Cameroon secures 623 billion FCFA in AFD financing for 2025 development initiatives
Cameroon stands as a pivotal recipient within the Agence Française de Développement (AFD) Group’s regional portfolio across Central Africa, commanding nearly 30% of its total commitments. The institution’s 2025 activity assessment reveals an impressive outstanding amount of 949.6 million euros, equivalent to approximately 623 billion FCFA, allocated across 51 ongoing projects. This substantial financial engagement positions Yaoundé ahead of other regional capitals, including Kinshasa (741.4 million euros), Libreville (646.3 million euros), Brazzaville (484.9 million euros), N’Djamena (308.7 million euros), and Bangui (144.7 million euros).
A detailed breakdown by entity highlights the structured nature of this financial support. The core AFD operations account for 875.8 million euros, while Proparco, its private sector financing subsidiary, mobilizes 61.8 million euros. Expertise France complements these efforts with 12 million euros. The comprehensive portfolio encompasses 47 AFD projects and 4 initiatives supported by Expertise France. Focusing solely on AFD’s contributions, Cameroon alone accounts for 30.7% of a regional total of 2.8 billion euros as of December 31, 2025.
Infrastructure and urban development: core pillars of intervention
The French financier’s regional strategy clearly prioritizes major infrastructure projects. The report underscores that infrastructure development forms the bedrock of its engagement in Central Africa, citing the Nachtigal hydroelectric dam in Cameroon and the modernization of the Transgabonais railway as prime examples of flagship undertakings. This strategic emphasis is consistently reflected in the commitments made within Cameroon throughout 2025.
Within this scope, infrastructure and urban development absorb a significant 44.2% of the total funding. Support for private financial institutions follows closely at 35.9%, ahead of governance initiatives (6.8%), education, training, and employment (6.4%), the productive sector (2.9%), water and sanitation (2.2%), and finally, agriculture and food security (1.7%). Among the critical operations, the Yaoundé and Douala Flood Control Project aims to mitigate the vulnerability of Cameroon’s two largest cities to recurrent climatic events.

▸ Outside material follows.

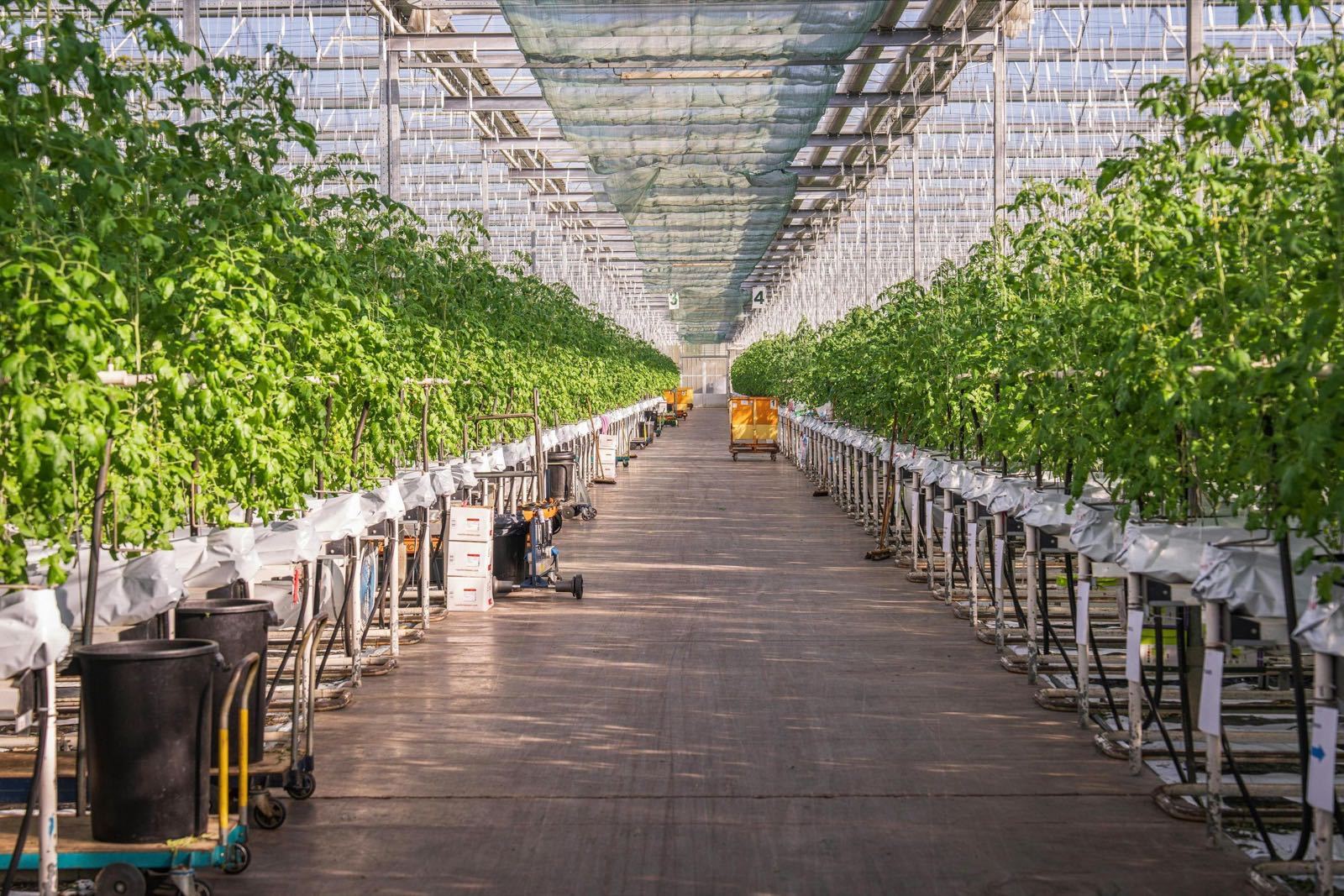 Protected Farming Solutions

This sectoral hierarchy underscores the nation’s substantial infrastructure deficit and the long-standing financial cooperation between France and Cameroon. It also reflects a deliberate choice: to concentrate resources on initiatives that can ultimately reduce logistical and energy costs for both businesses and households.

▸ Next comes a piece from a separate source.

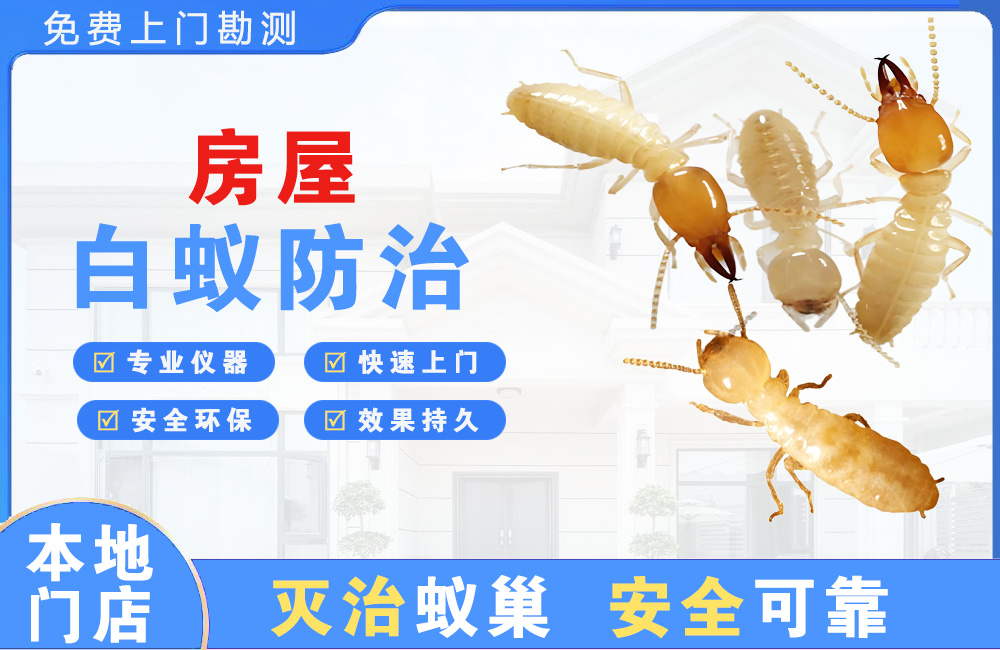 滁州房屋白蚁防治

Financial architecture predominantly debt-based
The composition of financial instruments deployed in 2025 warrants careful consideration by budgetary analysts. Sovereign loans represent the primary channel, constituting 33.9% of the total. Following these are senior loans (23.2%), Debt Reduction-Development Contracts (C2D) at 16.2%, guarantees (12.6%), credits delegated by the European Union (7.1%), grants (6.3%), and Technical Expertise and Experience Exchange Funds (FEXTE) at 0.6%.
In essence, more than half of the financial assistance is provided through repayable instruments. This reality highlights that while Cameroon holds the position of the leading regional beneficiary, it also entails future debt servicing obligations. The sustainability of this debt will hinge on the effective economic profitability of the projects it supports. Mechanisms like C2D, guarantees, European credits, and grants help soften this profile without fundamentally altering its predominantly debt-oriented nature.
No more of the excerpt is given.